▶ [PROBLEM DESCRIPTION] Below are the entries. Transcribe exactly the lines from the one with "Brand new stainless steel appliances." through the one with "un tavolo con", ends included, and leave out all others.

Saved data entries
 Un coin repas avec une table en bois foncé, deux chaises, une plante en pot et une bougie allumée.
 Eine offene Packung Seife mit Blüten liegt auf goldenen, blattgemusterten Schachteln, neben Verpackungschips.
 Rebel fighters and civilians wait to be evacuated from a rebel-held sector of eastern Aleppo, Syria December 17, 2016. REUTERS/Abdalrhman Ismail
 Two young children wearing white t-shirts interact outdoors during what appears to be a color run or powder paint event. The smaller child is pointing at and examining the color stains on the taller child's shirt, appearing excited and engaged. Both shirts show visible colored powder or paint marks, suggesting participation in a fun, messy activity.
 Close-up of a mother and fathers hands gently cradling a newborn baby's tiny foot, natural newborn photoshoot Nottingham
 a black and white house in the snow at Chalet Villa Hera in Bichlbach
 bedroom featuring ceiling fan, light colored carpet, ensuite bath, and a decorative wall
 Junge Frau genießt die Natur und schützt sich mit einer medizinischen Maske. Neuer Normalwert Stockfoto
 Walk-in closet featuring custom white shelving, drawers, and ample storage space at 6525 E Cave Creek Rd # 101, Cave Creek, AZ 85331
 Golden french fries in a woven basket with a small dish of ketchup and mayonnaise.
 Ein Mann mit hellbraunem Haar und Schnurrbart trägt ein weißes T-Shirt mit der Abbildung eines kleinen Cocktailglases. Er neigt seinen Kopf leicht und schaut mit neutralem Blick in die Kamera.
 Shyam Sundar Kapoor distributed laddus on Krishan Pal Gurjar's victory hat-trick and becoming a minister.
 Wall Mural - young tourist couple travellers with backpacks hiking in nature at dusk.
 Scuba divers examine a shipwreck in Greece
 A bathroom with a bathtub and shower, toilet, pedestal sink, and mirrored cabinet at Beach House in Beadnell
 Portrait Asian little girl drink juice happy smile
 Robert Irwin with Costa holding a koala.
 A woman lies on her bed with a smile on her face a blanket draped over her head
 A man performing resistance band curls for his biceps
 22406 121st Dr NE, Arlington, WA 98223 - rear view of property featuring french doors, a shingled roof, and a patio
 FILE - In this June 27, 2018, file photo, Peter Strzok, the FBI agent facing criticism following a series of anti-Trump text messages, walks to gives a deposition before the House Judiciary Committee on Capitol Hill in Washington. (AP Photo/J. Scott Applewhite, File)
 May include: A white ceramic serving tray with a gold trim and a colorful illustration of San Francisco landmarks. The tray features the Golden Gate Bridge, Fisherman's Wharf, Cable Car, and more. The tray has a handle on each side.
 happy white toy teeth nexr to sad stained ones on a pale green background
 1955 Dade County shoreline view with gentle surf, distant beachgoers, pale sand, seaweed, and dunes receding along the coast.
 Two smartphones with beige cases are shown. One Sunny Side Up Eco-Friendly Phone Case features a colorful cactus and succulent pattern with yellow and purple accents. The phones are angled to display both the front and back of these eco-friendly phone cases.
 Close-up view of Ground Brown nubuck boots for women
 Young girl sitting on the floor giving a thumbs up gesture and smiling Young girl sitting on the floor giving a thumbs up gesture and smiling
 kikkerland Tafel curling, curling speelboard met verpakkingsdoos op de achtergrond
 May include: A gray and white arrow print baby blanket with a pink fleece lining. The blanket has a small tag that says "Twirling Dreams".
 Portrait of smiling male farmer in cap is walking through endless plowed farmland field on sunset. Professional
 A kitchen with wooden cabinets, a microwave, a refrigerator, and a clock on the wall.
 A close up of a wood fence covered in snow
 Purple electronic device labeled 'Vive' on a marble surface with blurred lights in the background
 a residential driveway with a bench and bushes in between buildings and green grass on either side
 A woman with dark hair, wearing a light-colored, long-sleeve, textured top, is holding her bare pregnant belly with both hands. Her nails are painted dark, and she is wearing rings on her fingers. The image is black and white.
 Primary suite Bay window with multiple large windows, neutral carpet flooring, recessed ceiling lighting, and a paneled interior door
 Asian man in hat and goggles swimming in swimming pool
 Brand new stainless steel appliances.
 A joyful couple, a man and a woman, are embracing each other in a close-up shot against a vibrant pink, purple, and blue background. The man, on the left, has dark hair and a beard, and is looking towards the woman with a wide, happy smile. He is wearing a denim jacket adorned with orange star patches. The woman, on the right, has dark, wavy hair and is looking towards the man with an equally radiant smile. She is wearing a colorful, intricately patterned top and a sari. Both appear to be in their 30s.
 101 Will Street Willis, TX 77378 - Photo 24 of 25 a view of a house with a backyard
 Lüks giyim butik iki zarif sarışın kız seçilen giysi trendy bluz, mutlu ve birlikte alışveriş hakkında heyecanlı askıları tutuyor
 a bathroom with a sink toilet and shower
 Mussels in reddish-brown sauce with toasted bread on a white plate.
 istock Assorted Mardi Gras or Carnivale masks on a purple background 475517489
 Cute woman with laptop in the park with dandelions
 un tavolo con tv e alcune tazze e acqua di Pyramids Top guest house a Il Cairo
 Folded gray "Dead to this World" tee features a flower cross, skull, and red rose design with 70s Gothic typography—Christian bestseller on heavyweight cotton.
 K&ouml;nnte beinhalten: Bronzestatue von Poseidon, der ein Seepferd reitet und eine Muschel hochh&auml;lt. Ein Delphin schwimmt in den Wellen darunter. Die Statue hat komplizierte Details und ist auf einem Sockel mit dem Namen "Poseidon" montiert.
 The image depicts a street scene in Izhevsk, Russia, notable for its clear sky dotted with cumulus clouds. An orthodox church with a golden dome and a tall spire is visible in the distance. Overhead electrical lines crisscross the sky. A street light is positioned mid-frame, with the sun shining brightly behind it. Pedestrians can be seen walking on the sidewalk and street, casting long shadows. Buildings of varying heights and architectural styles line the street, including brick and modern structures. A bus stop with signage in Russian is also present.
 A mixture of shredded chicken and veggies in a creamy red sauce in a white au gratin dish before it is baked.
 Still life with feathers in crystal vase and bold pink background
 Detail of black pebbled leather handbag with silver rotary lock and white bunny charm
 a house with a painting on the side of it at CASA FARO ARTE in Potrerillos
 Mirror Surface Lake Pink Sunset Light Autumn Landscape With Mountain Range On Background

▶ [YOUR RESPONSE]
 Brand new stainless steel appliances.
 A joyful couple, a man and a woman, are embracing each other in a close-up shot against a vibrant pink, purple, and blue background. The man, on the left, has dark hair and a beard, and is looking towards the woman with a wide, happy smile. He is wearing a denim jacket adorned with orange star patches. The woman, on the right, has dark, wavy hair and is looking towards the man with an equally radiant smile. She is wearing a colorful, intricately patterned top and a sari. Both appear to be in their 30s.
 101 Will Street Willis, TX 77378 - Photo 24 of 25 a view of a house with a backyard
 Lüks giyim butik iki zarif sarışın kız seçilen giysi trendy bluz, mutlu ve birlikte alışveriş hakkında heyecanlı askıları tutuyor
 a bathroom with a sink toilet and shower
 Mussels in reddish-brown sauce with toasted bread on a white plate.
 istock Assorted Mardi Gras or Carnivale masks on a purple background 475517489
 Cute woman with laptop in the park with dandelions
 un tavolo con tv e alcune tazze e acqua di Pyramids Top guest house a Il Cairo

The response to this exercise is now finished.